Sydney M. Eisenberg and R. Bamberger, both of Milwaukee, for the appellant.
For the respondent there was a brief by Walter J. Mattison, city attorney, and Arthur Saltzstein, assistant city attorney, and oral argument by Mr. Saltzstein.
Action for damages by plaintiff Annie Jacobson against the city of Milwaukee for injuries sustained in a fall on the sidewalk in the city of Milwaukee. The case was tried to a jury and a special verdict was returned in plaintiff's favor. Upon motions after verdict the trial court set aside the verdict on the ground that it was not supported by the evidence, and from a judgment dismissing the complaint, plaintiff appeals.
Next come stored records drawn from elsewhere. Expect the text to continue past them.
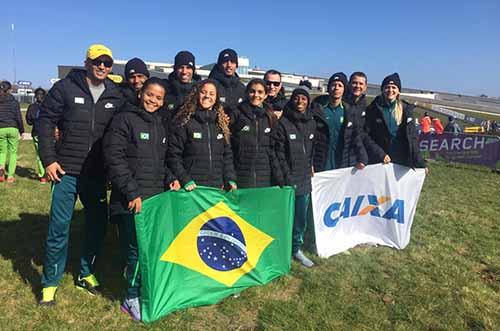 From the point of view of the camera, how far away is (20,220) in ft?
19.0

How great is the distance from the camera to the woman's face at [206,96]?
359 centimetres

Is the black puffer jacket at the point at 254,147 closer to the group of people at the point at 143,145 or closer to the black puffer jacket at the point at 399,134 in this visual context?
the group of people at the point at 143,145

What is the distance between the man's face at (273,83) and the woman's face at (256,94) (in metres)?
0.41

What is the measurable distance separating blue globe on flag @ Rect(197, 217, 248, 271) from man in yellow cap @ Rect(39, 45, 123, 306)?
3.87 feet

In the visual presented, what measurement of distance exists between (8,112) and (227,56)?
585 cm

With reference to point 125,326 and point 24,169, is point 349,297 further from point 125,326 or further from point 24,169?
point 24,169

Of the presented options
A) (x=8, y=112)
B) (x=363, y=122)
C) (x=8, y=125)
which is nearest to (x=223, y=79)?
(x=363, y=122)

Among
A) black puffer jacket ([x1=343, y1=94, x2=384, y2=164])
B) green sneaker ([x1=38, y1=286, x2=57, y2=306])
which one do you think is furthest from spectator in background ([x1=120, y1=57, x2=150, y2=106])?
black puffer jacket ([x1=343, y1=94, x2=384, y2=164])

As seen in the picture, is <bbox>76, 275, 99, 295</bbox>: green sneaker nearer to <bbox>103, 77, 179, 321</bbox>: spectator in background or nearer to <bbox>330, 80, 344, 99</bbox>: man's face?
<bbox>103, 77, 179, 321</bbox>: spectator in background

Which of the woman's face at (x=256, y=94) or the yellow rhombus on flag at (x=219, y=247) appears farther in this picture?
the woman's face at (x=256, y=94)

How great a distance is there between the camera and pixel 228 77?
503 centimetres

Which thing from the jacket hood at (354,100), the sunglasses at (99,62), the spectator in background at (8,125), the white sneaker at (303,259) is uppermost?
the sunglasses at (99,62)

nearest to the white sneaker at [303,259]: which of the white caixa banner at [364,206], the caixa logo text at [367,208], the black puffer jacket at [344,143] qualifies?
the white caixa banner at [364,206]

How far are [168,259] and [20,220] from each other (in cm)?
367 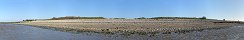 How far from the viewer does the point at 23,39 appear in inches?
1609

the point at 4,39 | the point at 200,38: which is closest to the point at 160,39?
the point at 200,38

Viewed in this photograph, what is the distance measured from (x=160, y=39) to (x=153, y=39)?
668 mm

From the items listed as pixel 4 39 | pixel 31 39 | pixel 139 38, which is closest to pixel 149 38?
pixel 139 38

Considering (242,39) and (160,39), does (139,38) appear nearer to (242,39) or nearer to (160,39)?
(160,39)

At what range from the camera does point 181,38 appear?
39.0 metres

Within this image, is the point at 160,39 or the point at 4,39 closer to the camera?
the point at 160,39

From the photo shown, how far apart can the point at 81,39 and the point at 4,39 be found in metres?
8.13

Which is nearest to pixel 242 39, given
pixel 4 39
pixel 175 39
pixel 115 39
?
pixel 175 39

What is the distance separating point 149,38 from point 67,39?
26.6 feet

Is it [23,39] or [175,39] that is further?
[23,39]

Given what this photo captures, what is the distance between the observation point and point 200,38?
38781mm

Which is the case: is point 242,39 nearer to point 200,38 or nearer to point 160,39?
point 200,38

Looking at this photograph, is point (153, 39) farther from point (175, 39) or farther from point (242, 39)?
point (242, 39)

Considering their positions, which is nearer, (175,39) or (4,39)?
(175,39) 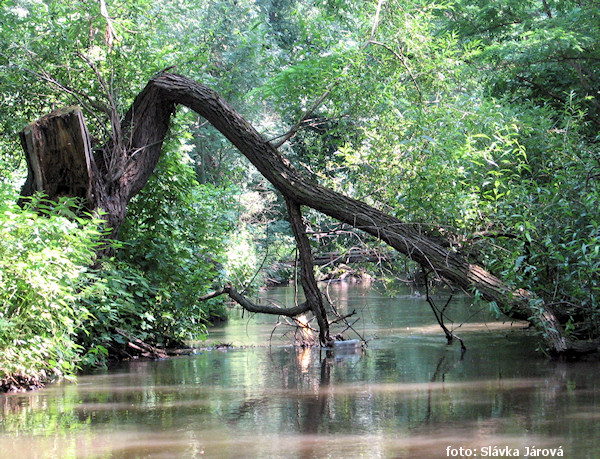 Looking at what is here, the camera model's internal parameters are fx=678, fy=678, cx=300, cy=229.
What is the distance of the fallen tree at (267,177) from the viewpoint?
844cm

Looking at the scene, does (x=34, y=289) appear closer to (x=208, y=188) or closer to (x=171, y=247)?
(x=171, y=247)

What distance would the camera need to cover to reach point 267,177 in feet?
30.8

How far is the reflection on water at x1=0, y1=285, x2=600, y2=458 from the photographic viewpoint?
15.0 ft

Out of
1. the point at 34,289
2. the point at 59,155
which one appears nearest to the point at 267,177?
the point at 59,155

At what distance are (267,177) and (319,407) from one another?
13.8ft

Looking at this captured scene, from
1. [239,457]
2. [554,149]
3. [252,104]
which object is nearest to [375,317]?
[554,149]

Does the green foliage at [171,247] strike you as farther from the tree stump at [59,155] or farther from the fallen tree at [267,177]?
the tree stump at [59,155]

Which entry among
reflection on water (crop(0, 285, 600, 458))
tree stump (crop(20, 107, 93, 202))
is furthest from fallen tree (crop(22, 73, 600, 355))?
reflection on water (crop(0, 285, 600, 458))

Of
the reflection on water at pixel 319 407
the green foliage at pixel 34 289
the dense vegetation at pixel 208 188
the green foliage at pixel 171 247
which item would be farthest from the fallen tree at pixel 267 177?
the green foliage at pixel 34 289

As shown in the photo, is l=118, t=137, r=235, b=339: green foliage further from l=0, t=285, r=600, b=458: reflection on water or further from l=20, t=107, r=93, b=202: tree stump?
l=20, t=107, r=93, b=202: tree stump

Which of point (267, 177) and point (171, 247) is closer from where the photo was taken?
point (267, 177)

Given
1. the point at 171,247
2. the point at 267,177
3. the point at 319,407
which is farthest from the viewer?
the point at 171,247

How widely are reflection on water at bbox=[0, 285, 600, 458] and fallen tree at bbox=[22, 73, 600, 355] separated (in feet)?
2.39

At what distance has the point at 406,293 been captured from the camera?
20.5 meters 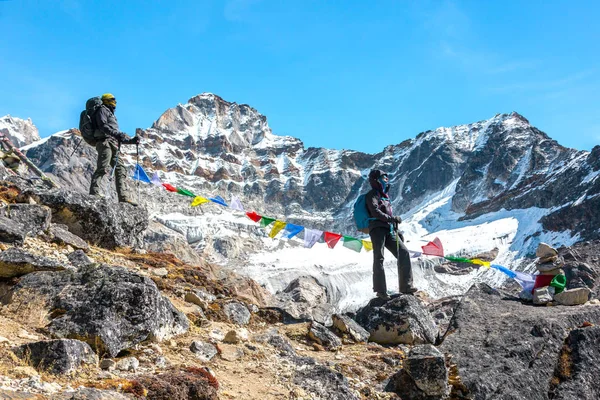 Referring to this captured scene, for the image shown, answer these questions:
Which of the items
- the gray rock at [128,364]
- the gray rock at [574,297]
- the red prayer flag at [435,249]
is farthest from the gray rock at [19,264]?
the red prayer flag at [435,249]

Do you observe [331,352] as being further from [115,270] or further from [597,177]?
[597,177]

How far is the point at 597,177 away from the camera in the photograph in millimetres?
184875

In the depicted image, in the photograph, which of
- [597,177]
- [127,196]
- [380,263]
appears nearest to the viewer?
[380,263]

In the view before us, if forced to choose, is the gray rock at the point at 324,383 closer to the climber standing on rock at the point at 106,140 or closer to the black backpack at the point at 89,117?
the climber standing on rock at the point at 106,140

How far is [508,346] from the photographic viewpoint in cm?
689

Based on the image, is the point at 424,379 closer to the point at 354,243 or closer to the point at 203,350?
the point at 203,350

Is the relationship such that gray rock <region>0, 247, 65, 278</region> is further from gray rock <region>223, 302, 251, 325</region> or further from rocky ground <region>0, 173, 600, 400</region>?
gray rock <region>223, 302, 251, 325</region>

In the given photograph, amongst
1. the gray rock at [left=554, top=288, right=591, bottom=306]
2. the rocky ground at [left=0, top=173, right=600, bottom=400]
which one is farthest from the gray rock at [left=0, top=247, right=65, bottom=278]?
the gray rock at [left=554, top=288, right=591, bottom=306]

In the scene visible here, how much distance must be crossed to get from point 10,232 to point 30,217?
1327 millimetres

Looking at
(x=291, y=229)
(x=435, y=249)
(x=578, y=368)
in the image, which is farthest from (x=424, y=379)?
(x=291, y=229)

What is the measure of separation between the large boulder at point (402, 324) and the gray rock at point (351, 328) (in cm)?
14

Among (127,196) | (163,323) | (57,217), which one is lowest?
(163,323)

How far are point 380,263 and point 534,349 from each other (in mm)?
3867

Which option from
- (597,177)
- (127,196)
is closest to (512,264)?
(597,177) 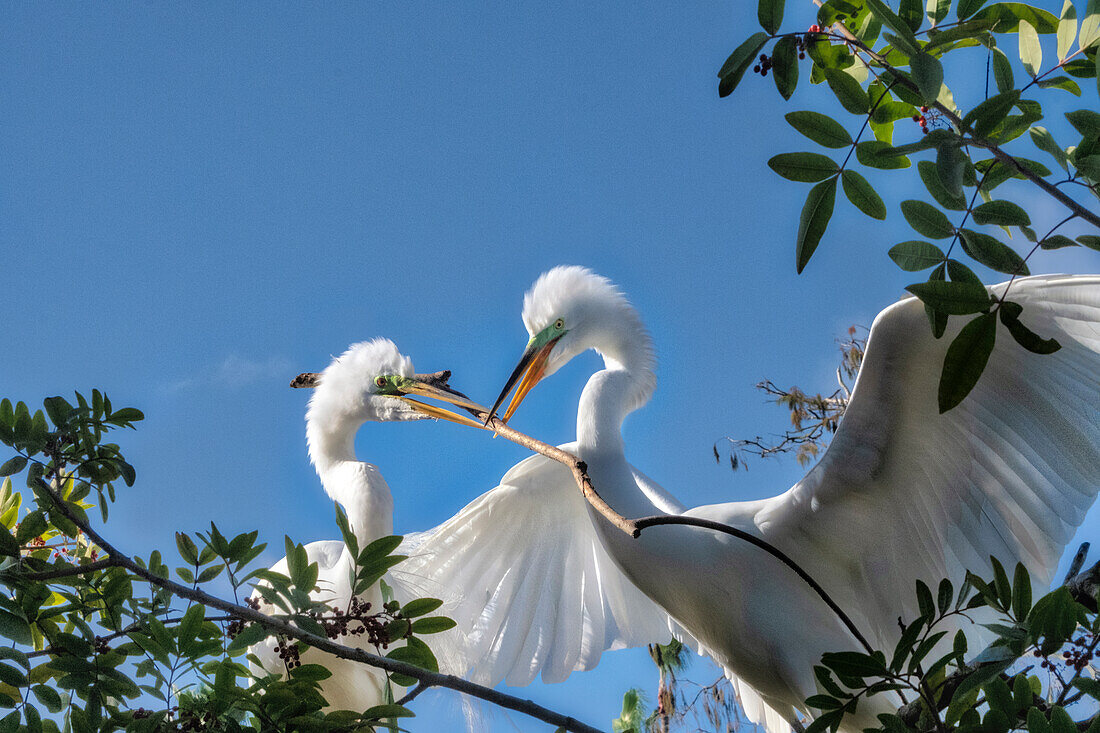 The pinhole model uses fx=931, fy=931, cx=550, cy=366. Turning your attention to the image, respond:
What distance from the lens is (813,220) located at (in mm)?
1323

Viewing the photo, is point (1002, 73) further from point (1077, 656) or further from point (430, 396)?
point (430, 396)

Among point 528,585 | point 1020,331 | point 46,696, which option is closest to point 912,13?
point 1020,331

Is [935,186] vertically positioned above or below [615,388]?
below

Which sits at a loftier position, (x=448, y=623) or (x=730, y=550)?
(x=730, y=550)

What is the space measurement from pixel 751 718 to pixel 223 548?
2273 mm

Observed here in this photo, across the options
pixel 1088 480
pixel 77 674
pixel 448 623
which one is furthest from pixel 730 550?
pixel 77 674

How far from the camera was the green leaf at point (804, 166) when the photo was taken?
1339 mm

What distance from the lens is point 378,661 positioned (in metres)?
1.35

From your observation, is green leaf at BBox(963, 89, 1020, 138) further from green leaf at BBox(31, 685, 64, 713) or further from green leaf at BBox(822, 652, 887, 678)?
green leaf at BBox(31, 685, 64, 713)

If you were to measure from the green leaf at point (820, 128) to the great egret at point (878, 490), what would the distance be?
0.81 m

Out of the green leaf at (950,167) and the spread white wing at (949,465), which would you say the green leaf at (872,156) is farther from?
the spread white wing at (949,465)

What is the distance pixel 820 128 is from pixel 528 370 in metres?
1.81

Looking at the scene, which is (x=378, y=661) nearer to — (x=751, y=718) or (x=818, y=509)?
(x=818, y=509)

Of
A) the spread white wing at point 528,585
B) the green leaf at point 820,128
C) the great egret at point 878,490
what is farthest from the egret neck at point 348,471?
the green leaf at point 820,128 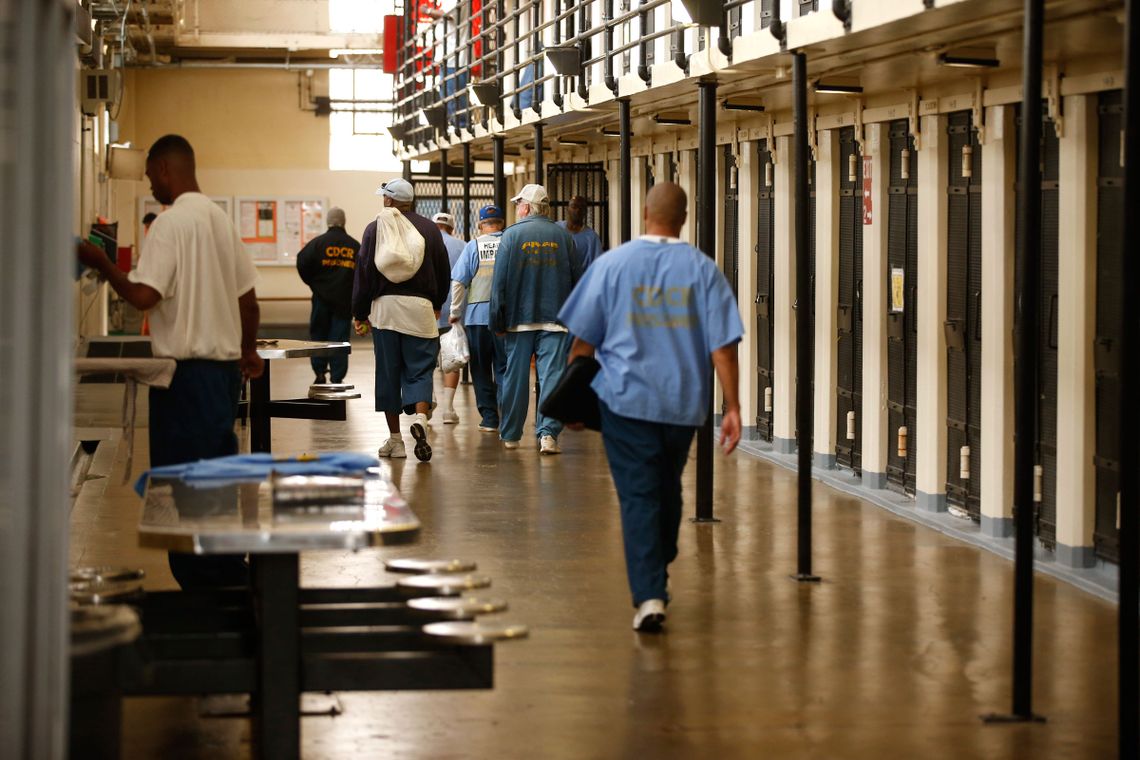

On March 7, 1948, plaintiff Annie Jacobson, a woman about seventy years old, while walking south on the east side of North Eleventh street approaching West Michigan street in the city of Milwaukee, fell on the sidewalk and sustained injuries to her left arm. There had been a drizzle during the morning, then freezing, and later snow. Plaintiff testified that there was ice and snow on the sidewalk where she fell. She told the policeman who called to investigate the accident: "I was walking along on the sidewalk. I slipped and fell. I slipped and fell in front of 552 North Tenth street. The sidewalk was icy."
Plaintiff claimed that her heel caught in a hole in the sidewalk.
"I just was walking along slowly and I saw the defects along the sidewalk, and the lumber and the dirt, and I went to go around that tree to avoid the ice and I went into it deeper because it was ice on it. I went in deeper than I thought I did, and there I laid there, stunned, and a man come along and picked me up, and I just about knew where to tell him where to take me, and he took me to that lady's house, Mrs. Reed that is here in the courtroom today."
She could not tell exactly how deep the hole was. She saw it after she fell, when she got up; she judged it was four and one-half inches deep. At one point in her testimony she said her heel was torn off her shoe, the heel remaining in the hole after she fell. At another point she testified that after she fell the heel was loose and that she pulled it off her shoe. The man who helped her to the Reed home was a stranger and she did not get his name.
Charles Reed, to whose home plaintiff was taken after her fall, testified that he had lived in the neighborhood about eight or nine years and was well acquainted with the condition of the sidewalk; but until he came into court he did not know that plaintiff fell on the east side of the street.
"I didn't know which side, to be honest with you, but I took it for granted what she told me, it was the west side."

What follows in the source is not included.